Recorded data

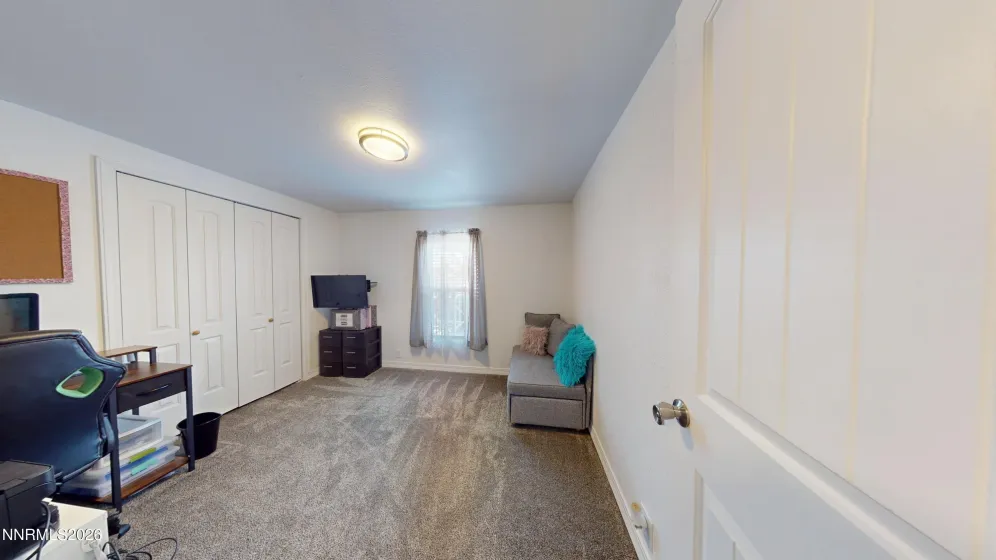 6190 Bonanza, Winnemucca, Nevada 89445, 3 Bedrooms Bedrooms, ,2 BathroomsBathrooms,Residential,Residential,Bonanza,260000744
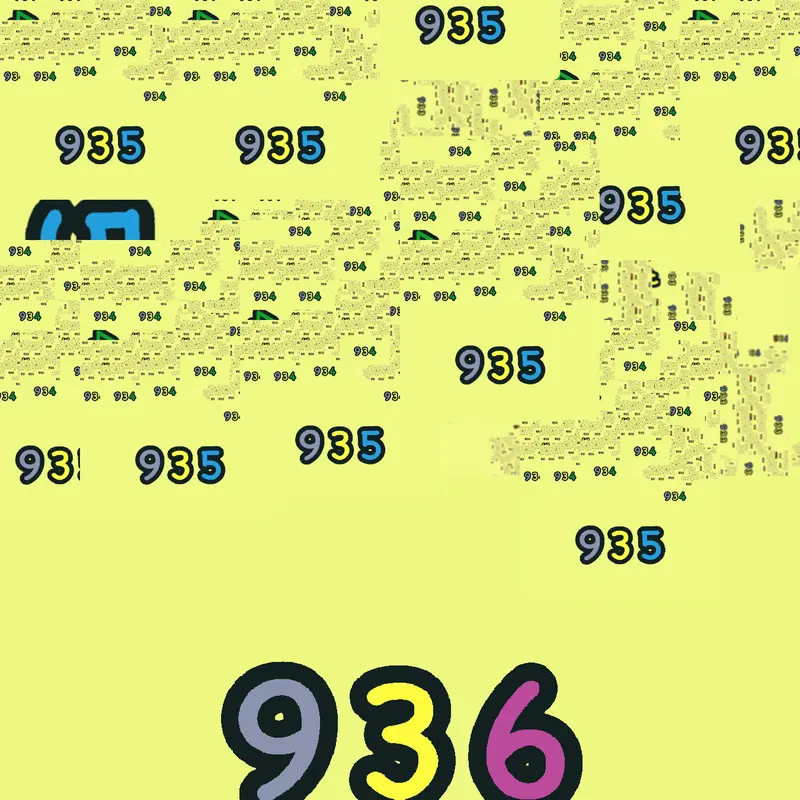Game by @minzaw2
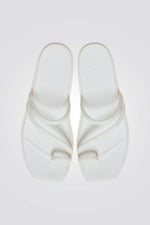 סנדלי מיאמי לנשים Miami Toe Loop Sandal | קרוקס
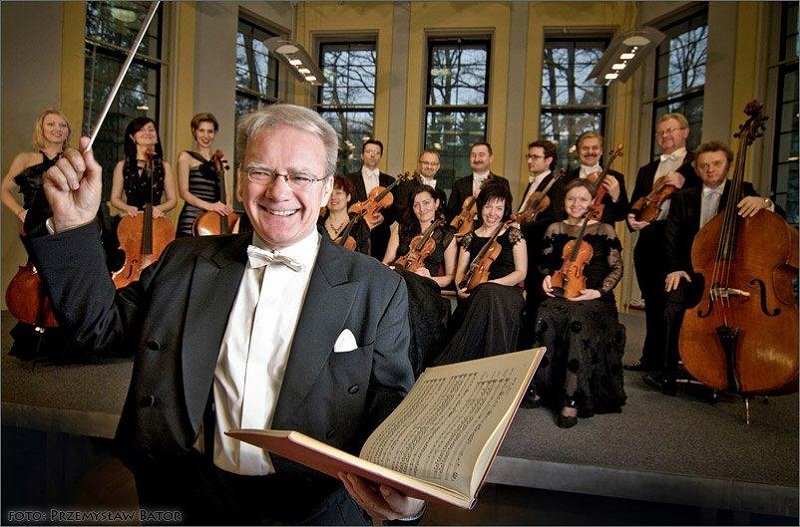 Elbląg, PFK Sopot i Wojciech Rajski, Elbląg, PFK Sopot i Wojciech Rajski,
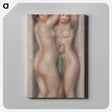 2-82_Barnes-Foundation_canvas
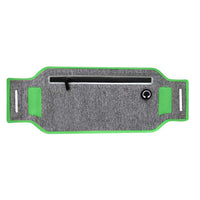 Weightlifting squat training belt made from durable, supportive material, designed to provide core stability and protect the lower back during heavy squats and lifting exercises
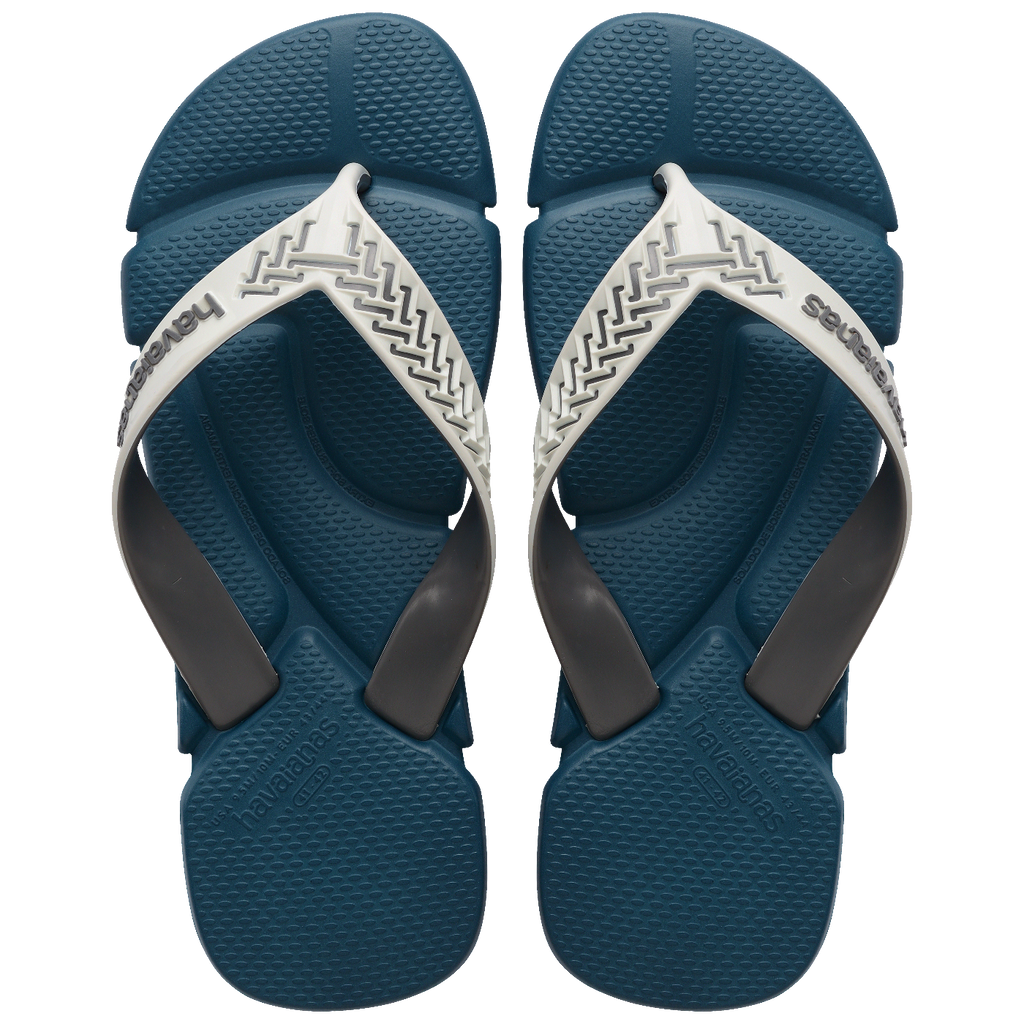 Chinelo Havaianas Power 2.0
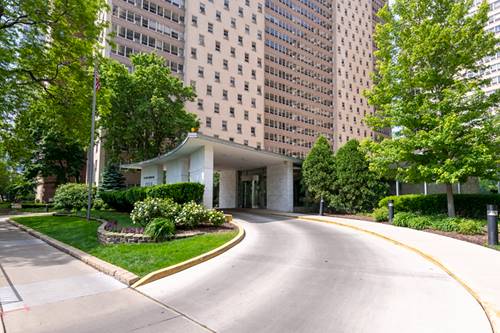 3950 N Lake Shore Unit 1920, Chicago, IL 60613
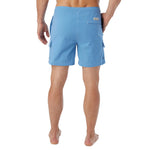The Breaker 6in Cargo Swim - Denny's
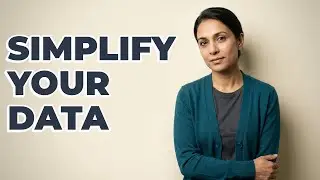 What Are The Basics Of Data Collection Automation?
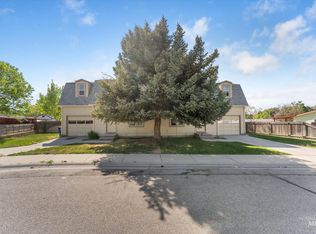 10435 W Seneca Dr, Boise, ID 83709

### [YOUR OBJECTIVE]
Leaving out the images, return the entries above exactly as they read.

### [YOUR RESPONSE]
 6190 Bonanza, Winnemucca, Nevada 89445, 3 Bedrooms Bedrooms, ,2 BathroomsBathrooms,Residential,Residential,Bonanza,260000744
Game by @minzaw2
 סנדלי מיאמי לנשים Miami Toe Loop Sandal | קרוקס
 Elbląg, PFK Sopot i Wojciech Rajski, Elbląg, PFK Sopot i Wojciech Rajski,
 2-82_Barnes-Foundation_canvas
 Weightlifting squat training belt made from durable, supportive material, designed to provide core stability and protect the lower back during heavy squats and lifting exercises
 Chinelo Havaianas Power 2.0
 3950 N Lake Shore Unit 1920, Chicago, IL 60613
The Breaker 6in Cargo Swim - Denny's
 What Are The Basics Of Data Collection Automation?
 10435 W Seneca Dr, Boise, ID 83709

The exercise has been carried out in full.